Source material below:

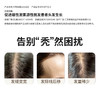 希格玛激光生发仪器适合脂溢性脱发雄性激素源性脱发160|200颗灯珠充电使用 商品缩略图2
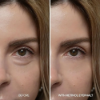 Dr. Melaxin Eyephalt Retinol Eye Bag Cream 10g Anti Aging Lifting Wrinkle care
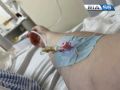 Советы эксперта: как оренбуржцам не испортить отдых «болезнью грязных рук»?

End of Source material.

→ What you are asked to do
Only the pictures stay out; everything else in the listing above must be repeated exactly.

→ Exercise response
 希格玛激光生发仪器适合脂溢性脱发雄性激素源性脱发160|200颗灯珠充电使用 商品缩略图2
 Dr. Melaxin Eyephalt Retinol Eye Bag Cream 10g Anti Aging Lifting Wrinkle care
 Советы эксперта: как оренбуржцам не испортить отдых «болезнью грязных рук»?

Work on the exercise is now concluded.